Notre façon de faire du commercial est également innovante. Nous demandons à nos clients non seulement d’être clients pour un produit et un prix, mais aussi d’être partenaires d’un projet. Nous induisons une autre façon de consommer.

RQM : Concilier les exigences d’une rentabilité économique et l’objectif de la participation de chacun, n’est-ce pas contradictoire ?

D.R. : On est toujours dans un compromis. Quand on arrive à faire en sorte que chaque salarié puisse se dire : c’est mon entreprise, c’est notre bien commun, l’intérêt personnel de chacun n’est pas forcément en contradiction avec l’intérêt économique de l’entreprise. Depuis quelques années nous nous sommes mis dans des contraintes économiques fortes, nous avons fait le choix des contrats à durée indéterminée, et donc nous nous sommes coupés de beaucoup de subventions. Nous gagnons maintenant pratiquement 80 % de nos salaires par notre travail. La question de fond reste entière : comment ne pas le faire au détriment de notre capacité à intégrer dans nos équipes des personnes plus lentes, qui ont plus de mal à apprendre ou à se faire une place ?...

Il y a plusieurs réponses. En créant une entreprise où nos emplois sont de qualité, nous attachons moins d’importance à nos salaires.

Les contrats à durée indéterminée ont pour conséquence que les gens durent, se forment, deviennent plus productifs, sont capables de former d’autres, se sentent plus responsables de la bonne marche de l’entreprise, s’impliquent plus, etc. Une bonne façon d’être plus rentable, plus efficace. Le turnover dans les entreprises a un coût phénoménal. Créer une entreprise où les gens se sentent bien et aient envie de durer, finalement ce n’est pas un mauvais calcul économique.
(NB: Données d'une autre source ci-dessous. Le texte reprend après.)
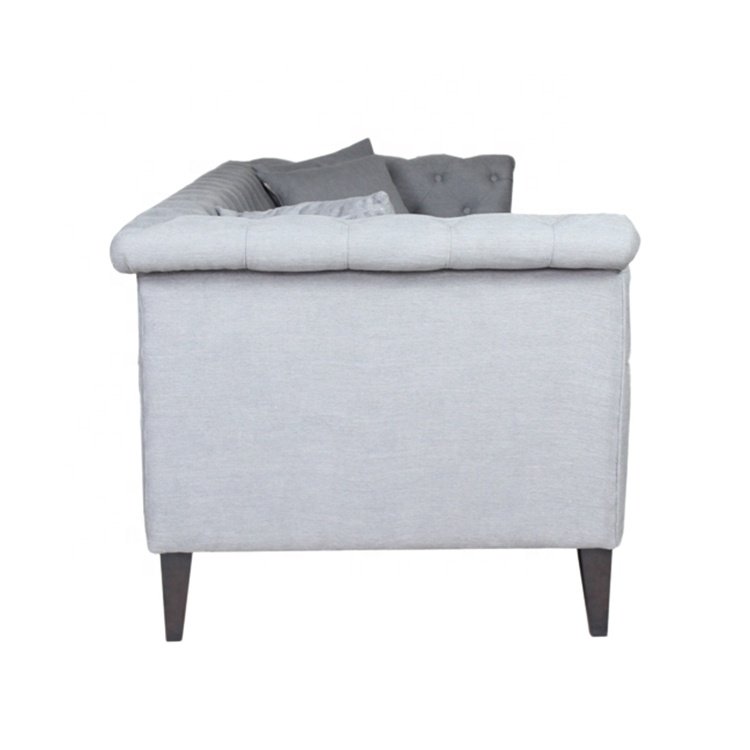 High Point Exhibitor OEM for well-known brands SHAYNE FURNITURE High-end Customize Gray sofa set office sofas recliner sofa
Donner un objectif à l’entreprise autre que seulement gagner de l’argent, mobilise chacun de manière beaucoup plus forte. Quand il y a un chantier dont le délai est un peu serré, quand une commande importante arrive au dernier moment, les équipes se mobilisent de façon impressionnante, parce que c’est notre entreprise.
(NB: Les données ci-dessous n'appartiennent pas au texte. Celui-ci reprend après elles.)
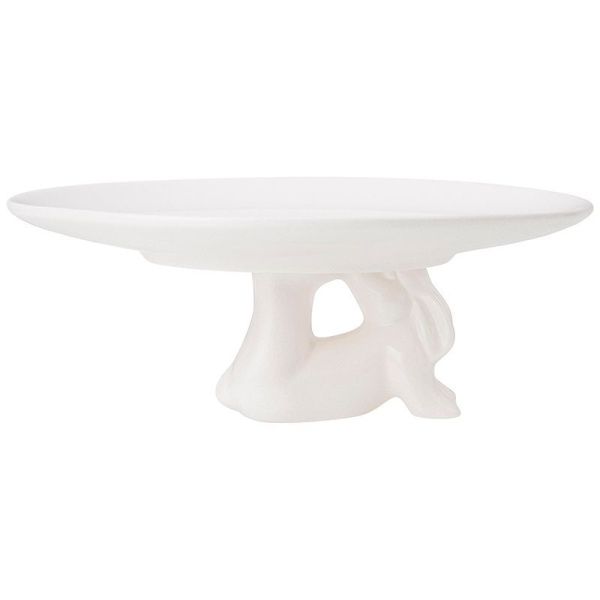 Ваза 16*6см фарфор SUNDAY на ножке (24)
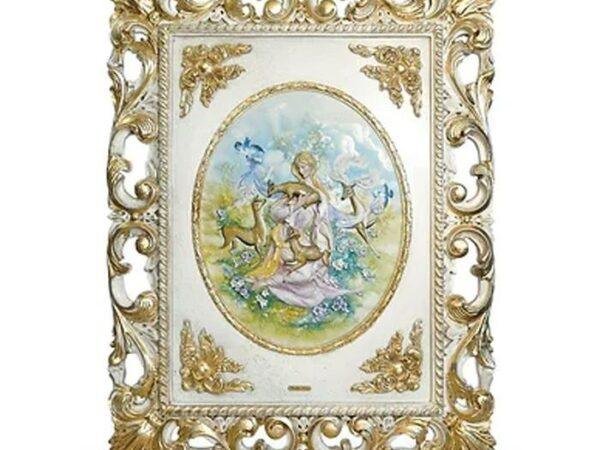 APP-Giardino incantato  Basrelief  Wooden frame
RQM : Comment voyez-vous l’avenir ?

D.R. : A TAE, nous expérimentons au quotidien que le travail peut être source de bien-être pour nous et nos familles. C’est enthousiasmant et donne beaucoup d’espoir sur ce qui est possible de faire.
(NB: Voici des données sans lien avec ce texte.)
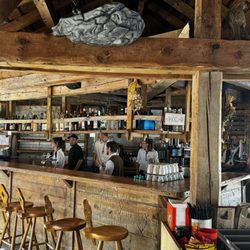 Restaurant Les Chottes - If the weather is bad sit inside it's cool!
Les grosses entreprises françaises se plaignent énormément du contexte économique actuel et sont de plus en plus confrontées à un malaise de leurs salariés. On sent qu’on n’est pas dans la bonne direction, qu’il y a quelque chose à repenser au niveau du travail et de l’entreprise. Peut-être arrivons-nous au bon moment, après une dizaine d’années où nous expérimentons des solutions à ces questions.

1 Voir le site : http://www.ecosolidaire.org/

2 Le salaire minimum interprofessionnel de croissance, plus connu sous l'acronyme SMIC, anciennement salaire minimum interprofessionnel garanti (SMIG)

1 Voir le site : http://www.ecosolidaire.org/

2 Le salaire minimum interprofessionnel de croissance, plus connu sous l'acronyme SMIC, anciennement salaire minimum interprofessionnel garanti (SMIG), est, en France, le salaire minimum horaire en dessous duquel aucun salarié ne peut être payé. Il est réévalué au minimum tous les ans au 1er janvier.

David Régnier

Ingénieur de formation (école Centrale Paris), David Régnier a travaillé six mois chez Michelin avant de devenir volontaire d’ATD Quart Monde. Avec sa famille, il a partagé pendant deux ans à Reims l’habitat et les petits boulots précaires et non qualifiés des travailleurs pauvres avant de prendre la responsabilité de l’entreprise Travailler et apprendre ensemble à Noisy-le-Grand en juin 2004, jusqu’à l’été 2010. Il est actuellement dans l’équipe de Montréal.